Science & Technology
Collision Course
Johns Hopkins University's Applied Physics Laboratory plans to crash a spacecraft into a near-Earth asteroid. NASA hopes it works.
Five years ago, on an otherwise normal Friday morning in Chelyabinsk, Russia, a six-story meteor—seemingly out of nowhere—burst across the clear blue sky as commuters were making their way to work. This surreal fireball—hurtling toward the Earth at 42,000 miles per hour and burning brighter than the sun—was caught on at least a dozen dashboard cameras before it exploded 19 miles above the city. (Nearly every car in Russia is outfitted with a dashboard camera, with footage typically used to settle traffic disputes.)
The blast from the largest asteroid to pierce the Earth’s atmosphere since the 1908 Tungaska event, which flattened some 800 square miles of Siberian forest, damaged 7,200 buildings in six cities, shattering windows and injuring more than 1,600 people.

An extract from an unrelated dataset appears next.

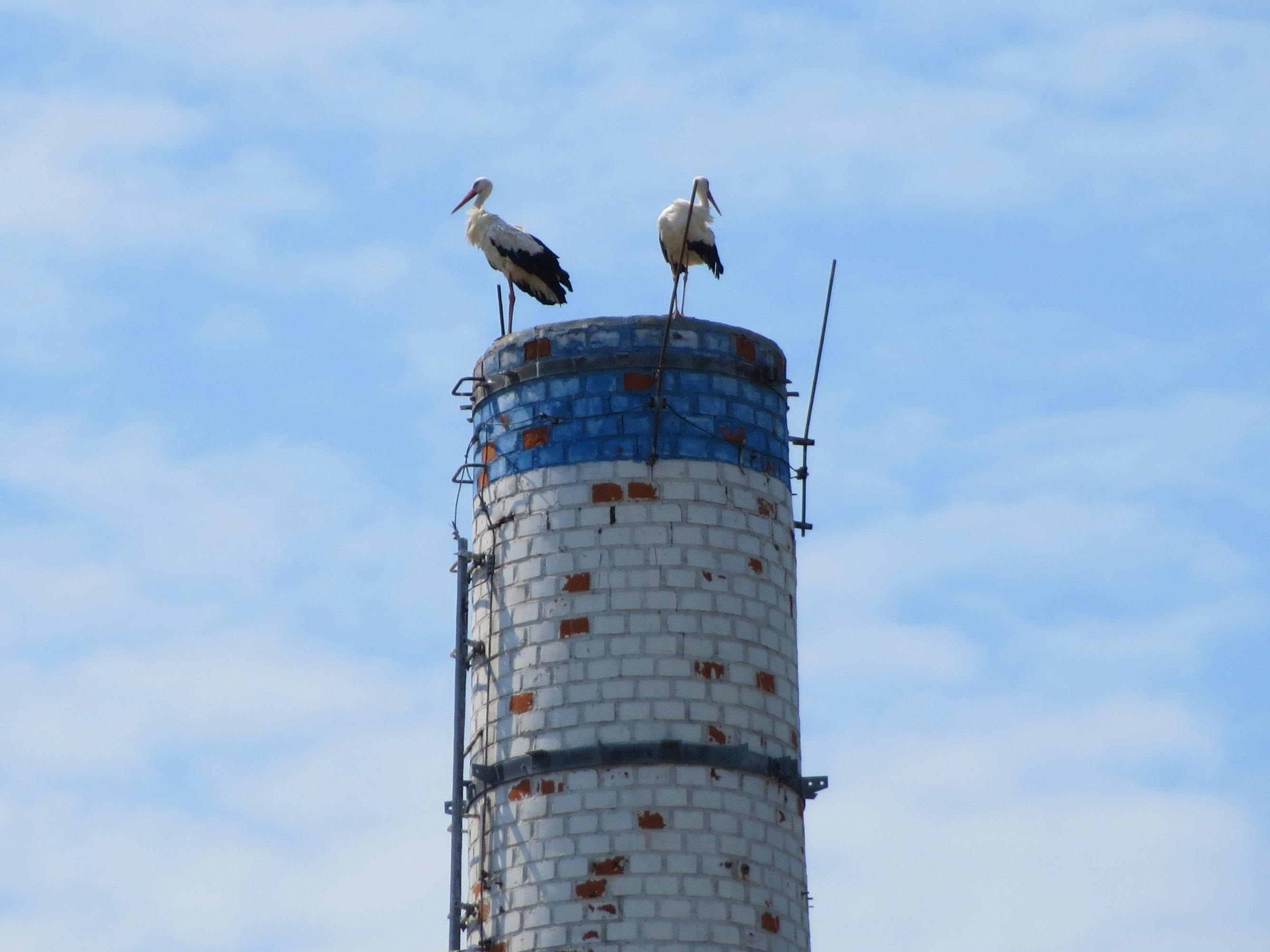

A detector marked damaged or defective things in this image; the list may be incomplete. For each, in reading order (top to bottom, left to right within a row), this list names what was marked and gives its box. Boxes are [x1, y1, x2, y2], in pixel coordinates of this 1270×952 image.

rusty brick patch [589, 483, 620, 506]
rusty brick patch [559, 567, 589, 589]
rusty brick patch [559, 616, 589, 639]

Suffice to say, the episode was an effective reminder that about two-dozen meteors pop through the Earth’s atmosphere every year, including on average at least one the size of an automobile. It also proved a wake-up call for Congress, which began holding hearings about the threat to U.S. public safety. After all, the next 7,000-ton, flaming rock could just as likely land on I-95 as a Siberian forest.
NASA eventually announced the creation of the Planetary Defense Coordination Office. The big question they needed to figure out, of course, was how exactly do you divert a rogue asteroid from an orbital collision with Earth? How do you design, model, and fly something into a speeding space rock and then measure the change in its trajectory?
The answer came to Andy Cheng, of the Johns Hopkins Applied Physics Laboratory in Howard County, in his basement during his morning calisthenics routine. Cheng realized the simplest approach was to crash a spacecraft into the smaller of a twin pair of asteroids—whose orbits are linked—and then measure the change in the orbit of the smaller asteroid against its larger twin. Up until that point, leading planetary defense scientists, including those at the European Space Agency, assumed they needed to build two spacecrafts—a prohibitive cost—one to smash into the asteroid and a second to document the change in its orbit. Measuring the changes in the asteroid’s rotation and spin against its twin, however, scientists could manage from their telescopes.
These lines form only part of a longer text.